Wherever the string "sold" shows up in the records below, return that line.

Records from a data collection:
########

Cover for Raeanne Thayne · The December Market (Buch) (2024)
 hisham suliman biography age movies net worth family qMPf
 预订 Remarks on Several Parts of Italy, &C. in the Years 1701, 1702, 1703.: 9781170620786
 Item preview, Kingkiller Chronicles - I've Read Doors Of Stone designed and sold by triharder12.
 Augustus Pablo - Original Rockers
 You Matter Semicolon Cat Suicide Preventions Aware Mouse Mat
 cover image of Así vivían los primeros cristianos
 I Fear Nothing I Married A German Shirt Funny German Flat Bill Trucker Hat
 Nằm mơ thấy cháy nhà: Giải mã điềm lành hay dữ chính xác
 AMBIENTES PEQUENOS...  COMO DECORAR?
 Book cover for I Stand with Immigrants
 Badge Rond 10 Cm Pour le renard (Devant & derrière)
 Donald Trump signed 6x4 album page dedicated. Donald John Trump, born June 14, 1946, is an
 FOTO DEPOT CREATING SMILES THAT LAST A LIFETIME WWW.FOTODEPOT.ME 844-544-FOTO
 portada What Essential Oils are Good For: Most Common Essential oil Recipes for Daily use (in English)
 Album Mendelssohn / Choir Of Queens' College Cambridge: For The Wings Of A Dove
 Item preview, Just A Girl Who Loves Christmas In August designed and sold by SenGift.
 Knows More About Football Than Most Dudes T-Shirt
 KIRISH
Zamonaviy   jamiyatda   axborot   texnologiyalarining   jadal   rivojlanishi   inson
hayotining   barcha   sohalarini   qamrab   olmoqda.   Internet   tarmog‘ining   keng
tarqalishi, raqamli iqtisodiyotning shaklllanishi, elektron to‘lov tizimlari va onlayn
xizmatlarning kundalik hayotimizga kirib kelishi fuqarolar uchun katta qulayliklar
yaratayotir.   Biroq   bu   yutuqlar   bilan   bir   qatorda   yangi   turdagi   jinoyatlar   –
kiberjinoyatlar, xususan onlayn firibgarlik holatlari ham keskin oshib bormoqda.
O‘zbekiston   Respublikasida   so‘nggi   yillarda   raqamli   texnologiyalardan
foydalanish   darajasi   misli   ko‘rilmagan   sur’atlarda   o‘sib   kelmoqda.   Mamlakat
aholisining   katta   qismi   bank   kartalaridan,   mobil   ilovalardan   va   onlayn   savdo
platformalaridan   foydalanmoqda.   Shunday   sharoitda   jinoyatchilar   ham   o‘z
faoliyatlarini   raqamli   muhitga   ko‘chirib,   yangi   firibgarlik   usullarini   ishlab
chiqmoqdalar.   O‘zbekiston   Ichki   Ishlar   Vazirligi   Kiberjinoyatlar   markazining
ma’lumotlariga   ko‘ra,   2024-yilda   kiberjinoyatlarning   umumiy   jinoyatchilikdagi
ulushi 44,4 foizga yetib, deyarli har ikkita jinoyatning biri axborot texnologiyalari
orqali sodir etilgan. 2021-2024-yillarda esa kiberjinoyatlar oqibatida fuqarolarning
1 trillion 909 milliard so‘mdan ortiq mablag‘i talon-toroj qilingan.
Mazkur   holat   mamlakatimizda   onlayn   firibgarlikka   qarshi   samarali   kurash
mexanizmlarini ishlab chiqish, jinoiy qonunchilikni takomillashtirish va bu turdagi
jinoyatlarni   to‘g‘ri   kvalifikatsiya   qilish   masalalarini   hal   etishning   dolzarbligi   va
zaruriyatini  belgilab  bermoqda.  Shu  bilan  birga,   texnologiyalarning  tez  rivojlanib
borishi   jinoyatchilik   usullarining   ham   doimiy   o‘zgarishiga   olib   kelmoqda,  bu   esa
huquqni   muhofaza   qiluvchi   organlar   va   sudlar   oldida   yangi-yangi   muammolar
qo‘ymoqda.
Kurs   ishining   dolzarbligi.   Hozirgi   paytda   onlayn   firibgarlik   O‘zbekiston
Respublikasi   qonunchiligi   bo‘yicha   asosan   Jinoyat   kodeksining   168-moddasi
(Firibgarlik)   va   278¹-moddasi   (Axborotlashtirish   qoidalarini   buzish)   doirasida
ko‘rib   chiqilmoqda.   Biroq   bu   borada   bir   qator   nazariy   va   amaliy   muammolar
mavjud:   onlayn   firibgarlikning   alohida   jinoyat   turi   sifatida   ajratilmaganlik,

########

Problem solution
 Item preview, Kingkiller Chronicles - I've Read Doors Of Stone designed and sold by triharder12.
 Item preview, Just A Girl Who Loves Christmas In August designed and sold by SenGift.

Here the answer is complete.